(Information supplied begins)

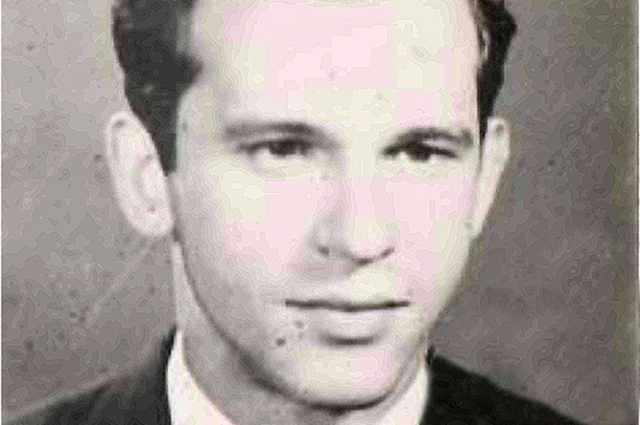 Михаил Огоньков.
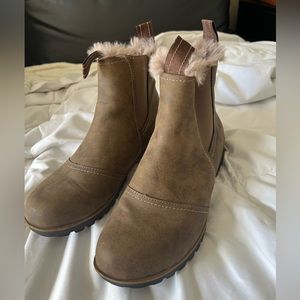 Hby water resistant boots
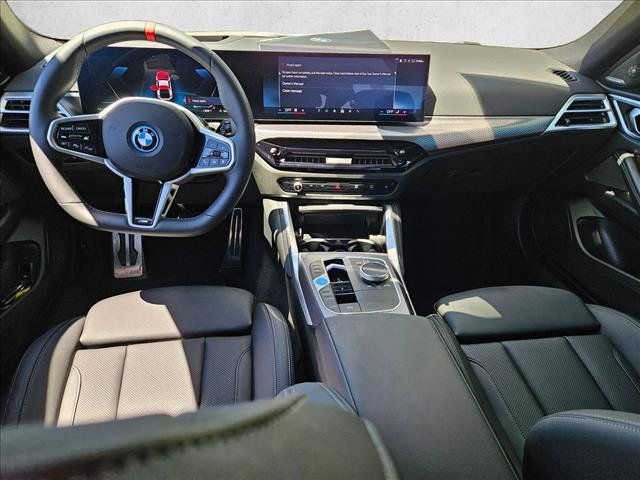 Certified 2025 BMW i4 M50 w/ Premium Package AWD/4WD image 16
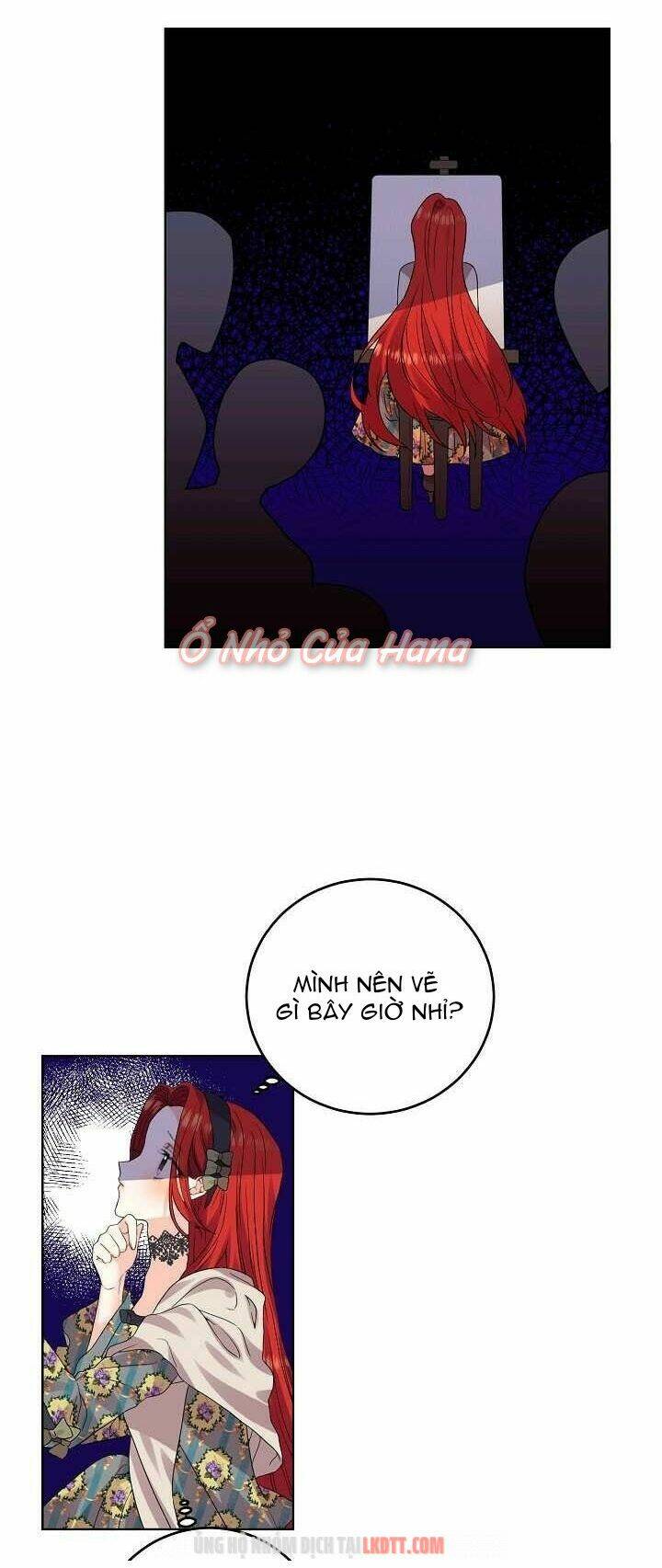 Tôi Trở Thành Gia Sư Của Tên Bạo Chúa: Chapter 28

(Information supplied ends)

◆ Assignment: The lines needed are those from the one containing "Hby water resistant boots" through the end of the listing, given again word for word and without any picture.

◆ Exercise output:
 Hby water resistant boots
 Certified 2025 BMW i4 M50 w/ Premium Package AWD/4WD image 16
 Tôi Trở Thành Gia Sư Của Tên Bạo Chúa: Chapter 28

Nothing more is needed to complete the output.